Justia Contracts Opinion Summaries
111 W. 57th Inv. LLC v 111 W57 Mezz Inv. LLC
A major equity investor contributed $65 million to a joint venture formed to acquire and develop a luxury residential tower in New York City. The project was financed with significant loans, including a $325 million mezzanine loan from Apollo entities. After construction cost overruns put the mezzanine loan in default, Apollo and the joint venture entered a forbearance agreement splitting the loan and securing a portion with the joint venture’s equity. Apollo later assigned the junior mezzanine loan to Spruce Capital Partners, which then initiated a strict foreclosure under the Uniform Commercial Code. This process extinguished the joint venture’s equity—including the plaintiff’s investment—while allegedly allowing the project sponsor to retain a role and equity interest. The investor claimed that Apollo, Spruce, and the sponsor colluded to cut it out of the project’s value through assignment and foreclosure.The Supreme Court, New York County, dismissed the investor’s breach of implied covenant claim against Spruce but allowed the claim against Apollo to proceed, while dismissing tortious interference claims. The Appellate Division, First Department, reversed in part by dismissing the implied covenant claim against Apollo, holding that Apollo’s sole discretion to assign the loan foreclosed such a claim, and otherwise affirmed the dismissal of the tortious interference claims.The New York Court of Appeals held that a party’s sole discretion to assign a loan does not exempt it from the implied covenant of good faith and fair dealing. The Court concluded that the plaintiff sufficiently pleaded that Apollo may have exercised its assignment right as part of a bad faith scheme to deprive the investor of the benefit of its bargain, reviving the implied covenant claim against Apollo. The Court affirmed the dismissal of the tortious interference claims for insufficient pleading. The case was remitted to Supreme Court for further proceedings on the implied covenant claim. View "111 W. 57th Inv. LLC v 111 W57 Mezz Inv. LLC" on Justia Law
Groves v.

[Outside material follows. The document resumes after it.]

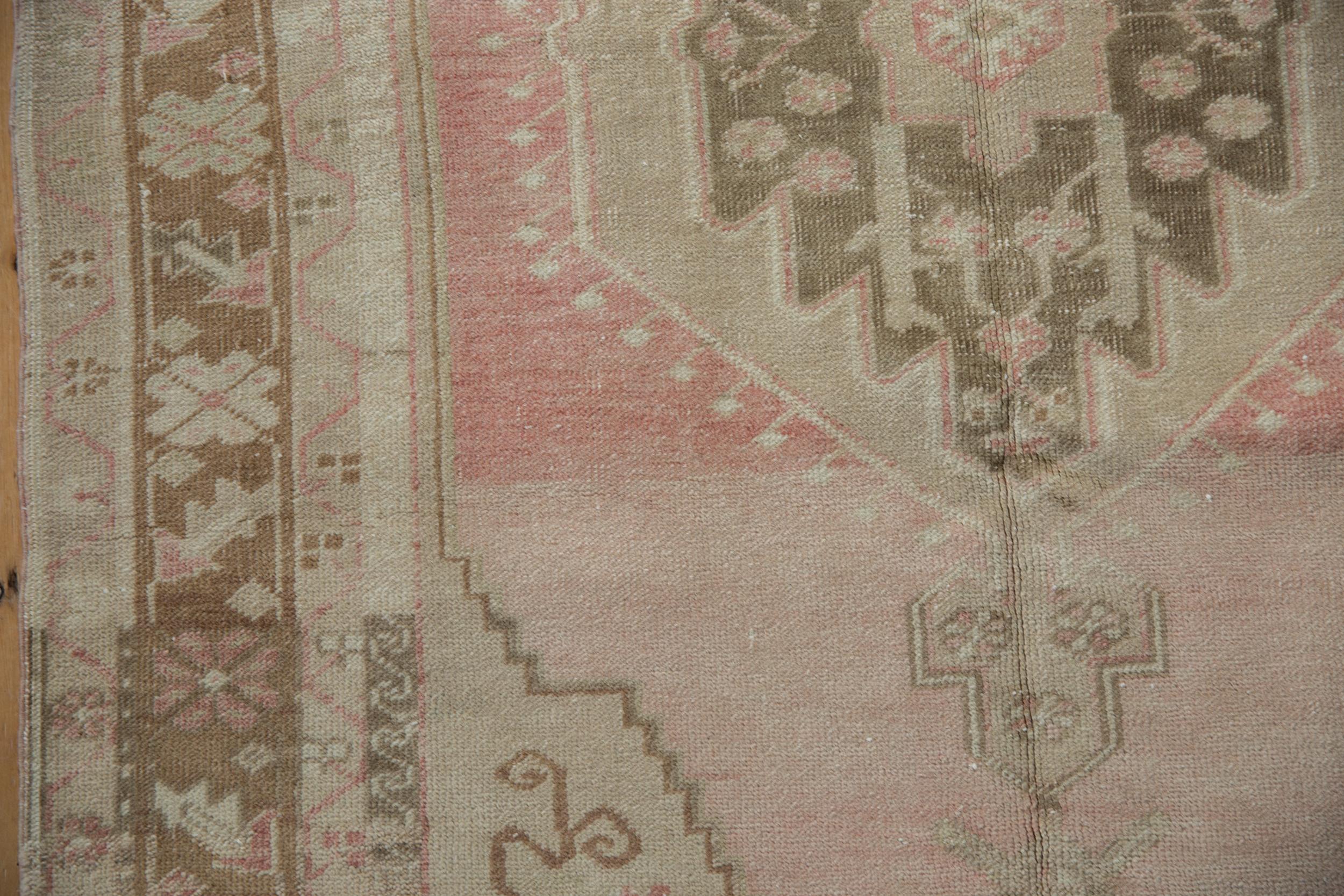 Oushak-Teppich im Used-Look (Ende des 20. Jahrhunderts) im Angebot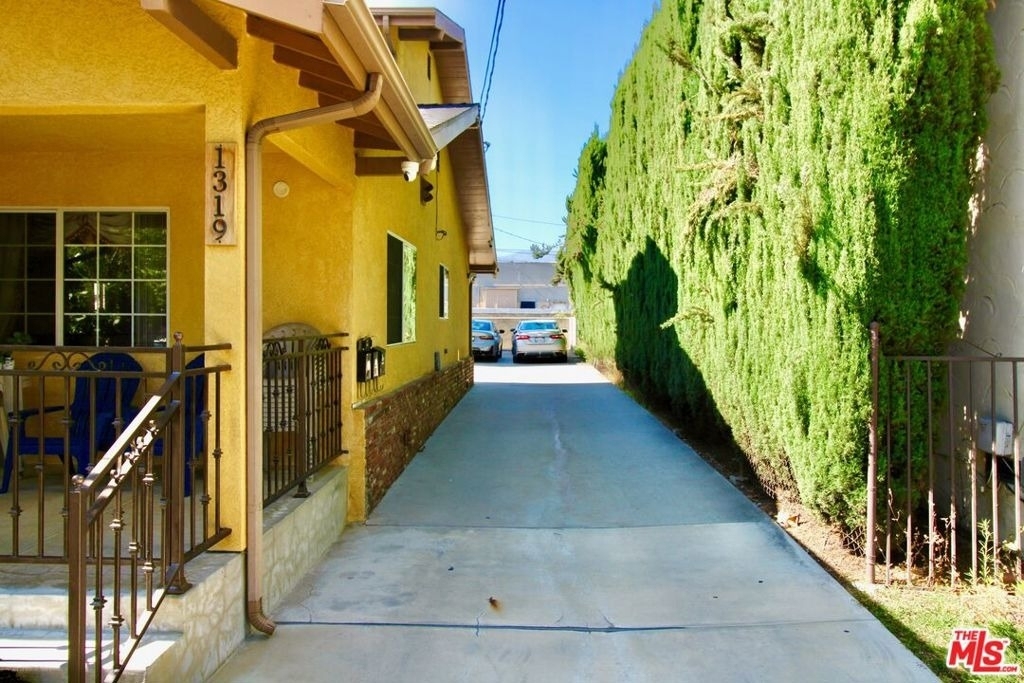 1319 E California Avenue - Photo 18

Goodsell & Oviatt LLP
A solo attorney and another law firm entered into contingency fee agreements with three clients for representation in workers’ compensation matters, providing for a 50/50 split of any attorney’s fees. After the solo attorney died, disputes arose over how much his estate was owed for fees from two resolved cases and a third pending case. The settlement for the first client was received shortly before the attorney’s death, while the second client’s case settled months later. The estate sued to recover its share of fees and for a declaratory judgment regarding the third case, which remained unresolved.The Circuit Court of the Seventh Judicial Circuit, Pennington County, found that the attorney’s contracts with the second and third clients expired at his death, and that the estate had been fully paid for the first two cases. The court also awarded prejudgment interest to the estate for delayed payment on the first client’s case and ordered the estate to pay prejudgment interest to the law firm for the disputed portion of the second client’s fees that had been deposited with the court. The estate and the law firm both appealed aspects of the decision.The Supreme Court of the State of South Dakota affirmed the ruling that the contingency fee agreements for the second and third clients terminated upon the attorney’s death. However, it reversed the finding that the estate had been fully paid for services rendered in the second client’s case, holding that the estate could recover in quantum meruit for the reasonable value of services rendered before death, and remanded for further proceedings on that issue. The Supreme Court also reversed the award of prejudgment interest to the law firm for the deposited funds and directed recalculation of prejudgment interest owed to the estate for the first client’s case based on the timing of unconditional tender and full payment. View "Groves v. Goodsell & Oviatt LLP" on Justia Law
Aberdeen Developers, LLC v Wells Fargo Bank, N.A.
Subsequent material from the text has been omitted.